Drawing from this observation, Romana Londi creates artworks in which various temporalities intricately intertwine. The forms suggest images in full transformation, in a state of transition, mobile and unstable on the painted surface. Some of these optical variations, notably prominent in the Jetlag: Shapeshifters series, arise from the artist applying UV light-sensitive photochromic films to her paintings. In the Sentient series, this characteristic extends across the entire painted surface, rendering the works entirely monochrome. The shapes in this way become permeable to their surroundings, synchronizing with the rays of light, and revealing themselves in varying ways depending on the time of day. The artist composes using natural elements, such as the sun, as though seeking to reconnect with the ties we have gradually lost in a world increasingly dominated by technology.

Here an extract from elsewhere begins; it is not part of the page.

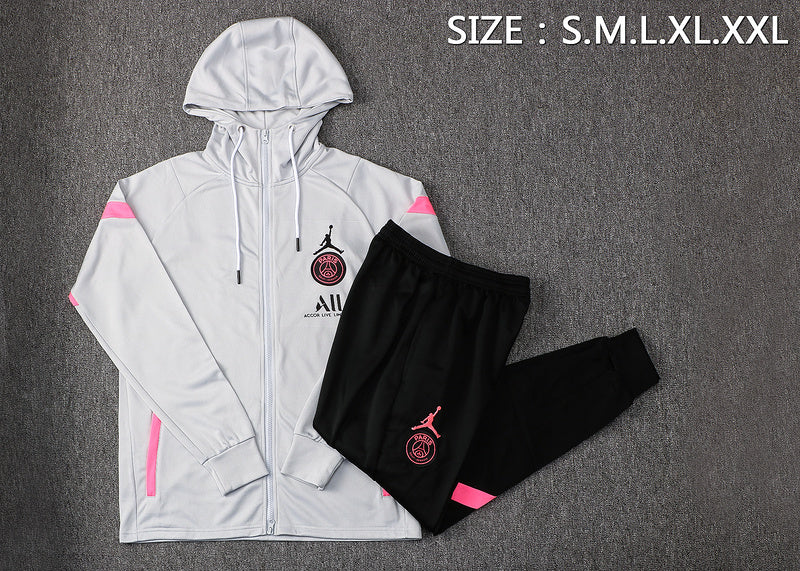 KIT PASSEIO COM CAPUZ - PARIS SAINT GERMAIN (PSG) - BRANCO E ROSA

Drawing inspiration from past masters like Bernard van Orley (1487 - 1541) with The SevenJoys of the Virgin or Matteo di Giovanni (1430 - 1495) with The Apostle Saint Bartholomew, Romana Londi explores notions of transformation and disembodiment at the dawn of the third millennium. The depiction of Saint Bartholomew flayed, gracefully holding his own skin, already evoked a mysterious aura-a figure both partially familiar and partly alchemical, hovering on the edge of the uncanny. "Saint Bartholomew is not just about the body. It's about this sensitive membrane, receptive to human emotions," says the artist. "Worn like a cape by the Saint, it presents a potential contemporary reappropriation of our vulnerability and empathy," she adds. Romana Londi employs this iconography to unveil our mutant bodies: Wearing it (the sun's armor), Holding it, and Stripping provide glimpses of figures where shapes, flesh, and skin merge in a carnal environment of dazzling vitality.

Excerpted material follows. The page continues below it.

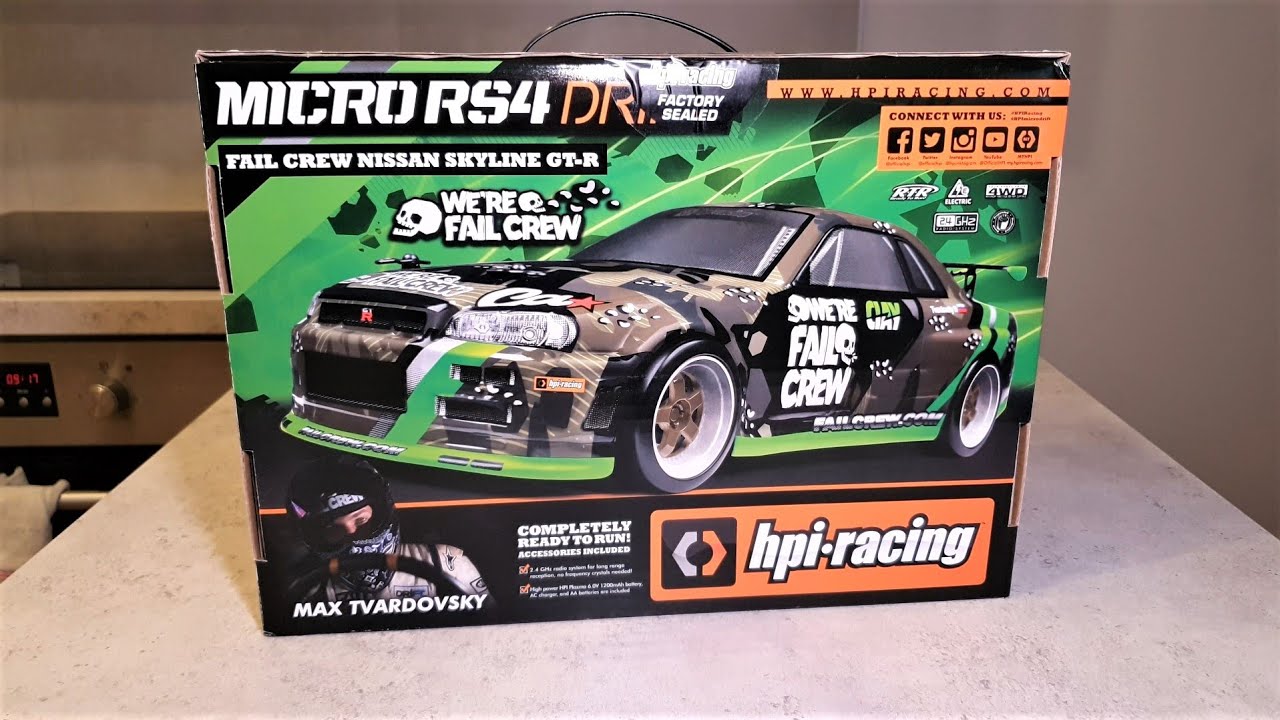 Micro RS4 Drift Fail Crew Nissan Skyline R34 GT-R RTR 1/18 Scale Drift Car  - HPI Racing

The artist chooses the nature of the material as the starting point for her work. The vivid expressiveness of the broad brushstrokes, the combination of diverse techniques, and the bold use of colour imbue each painting with boundless energy. The shapes appear elusive-almost watery-as they furtively traverse the pictorial field. It is a characteristic that gives substance to what sociologist Zygmunt Bauman refers to as 'liquid modernity'. The figures become hybrid creatures, navigating a realm akin to the 'worlding'¹ defined by Donna Haraway.

With the widespread proliferation of digital technology and machines into our daily lives, the world now hovers between existence and meta-existence. As such, WHAT IS YOUR SUBSTANCE, WHEREOF ARE YOU MADE (That Millions of strange shadows on you Tend?)-a title borrowed from Shakespeare's Sonnet 53 and quoted by Jeanette Winterson in one of her books-explores the extensions of our own humanity. We could pose this question to a human being as much as to an avatar in the metaverse or to a ghost. For, as Jeanette Winterson continues in her book, "Is consciousness obliged to materiality?" Algorithms and artificial intelligence lack physical presence, yet they exist, among us. To us, they appear just as alive.

¹ According to Donna Haraway, worlding refers to the structuring of possible worlds and times, material-semiotic realms, past, present and future.